Apical four chamber view is obtained from the apex of the heart as the name implies. It gives a good image of all four chambers as well as the mitral and tricuspic valves. The inter atrial and interventricular septa are seen in this veiw. The tricuspid valve is attached more distally to the septum than the mitral valve and the region in between is called the atrioventricular septum, which separates the left ventricle from the right atrium. A defect in this location is called a Gerbode ventricular septal defect. Drop outs in the inter atrial septum are common in this view as in this case, whithout any atrial septal defect. This is because the ultra sound beam is parallel to the inter atrial septum in this view and the thin region at the fossa ovalis is often seen as an echo drop out. A subcostal view should be obtained to image the inter atrial septum before concluding that the drop out is an atrial septal defect. A good left to right flow demonstrated by colour Doppler in this view can also be used to confirm the presence of an atrial septal defect in this view, especially if the sub costal view is suboptimal, especially in adults. A slight tilt of fom the apical four chamber view opens up the aortic root and it is called the apical five chamber view. Apical five chamber view is used to measure aortic flow and the gradient in aortic stenosis.

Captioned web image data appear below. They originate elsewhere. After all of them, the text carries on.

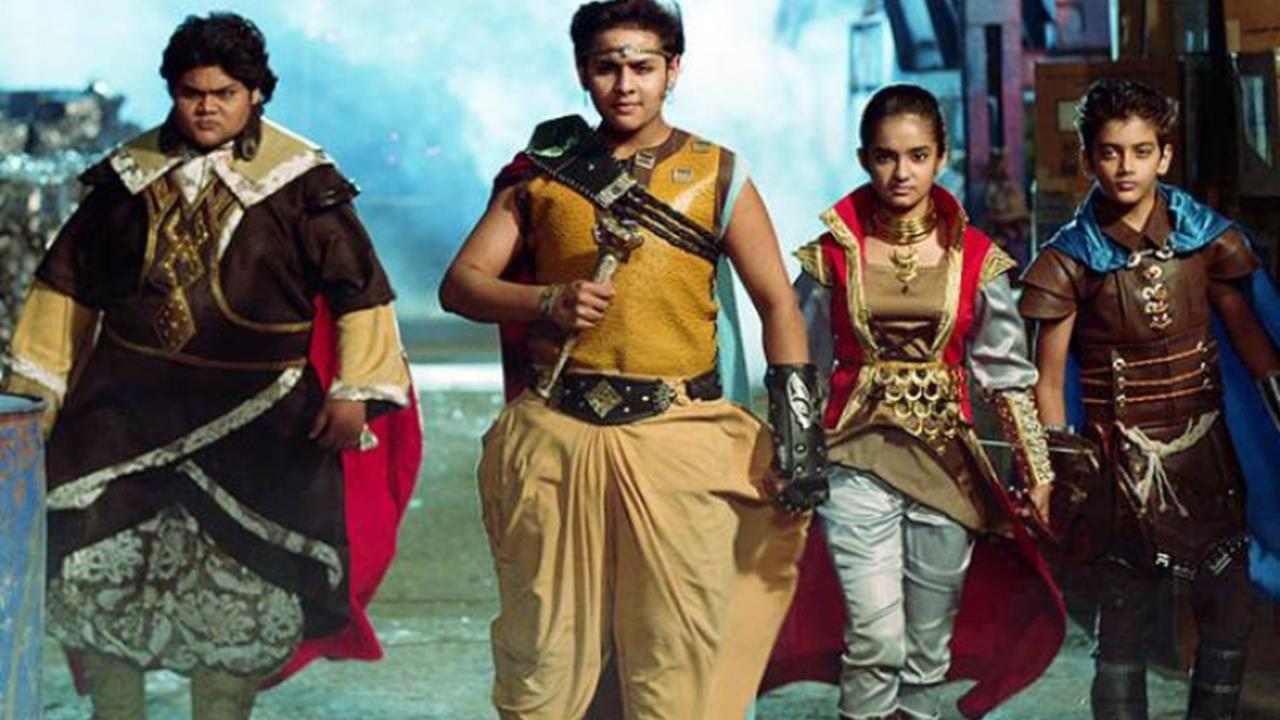 1280px x 720px - Baalveer Returns: Fairy Family Gets Bigger; New Additions to be Introduced!  | India Forums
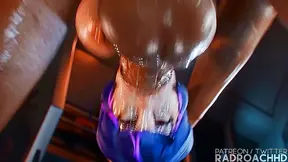 Milf Teacher Dominates Student with Double creampie Action – Steamy Classroom Encounter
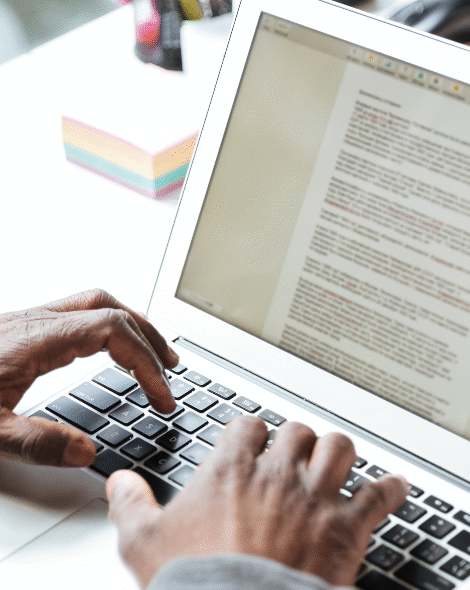 Book Editing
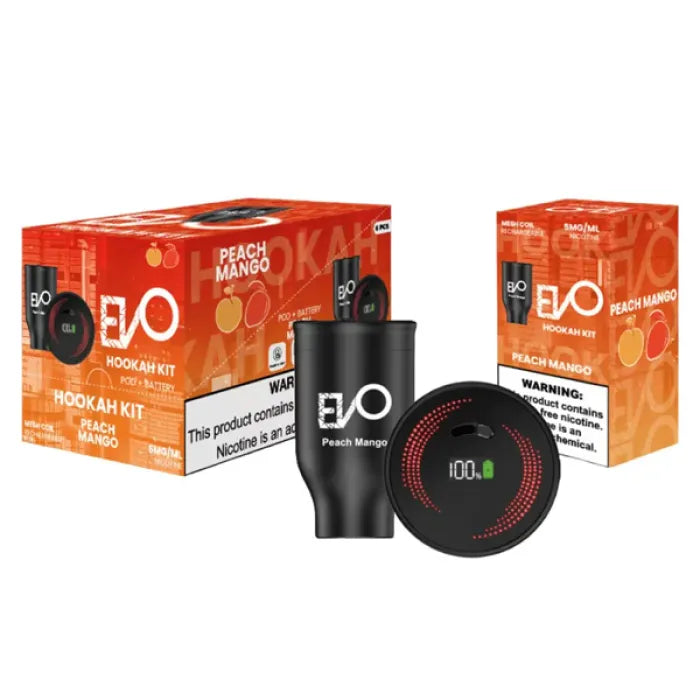 EVO HOOKAH KIT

Supra sternal view is often the last view obtained during echocardiography. The subcostal view has not been demonstrated in this series as the images were not of good quality as is sometimes the case in lean indiviuals with a narrow costal angle. The supra sternal view images the aortic arch and its branches and the proximal descending aorta. This view is used to detect coarctation of aorta and measure gradients across the coarctation. Ascending aorta can also be imaged with a tilt and ascending aortic flow is measured in aortic stenosis to get the gradient across the aortic valve. This is sometimes useful when the gradient is not picked up well in the apical five chamber view.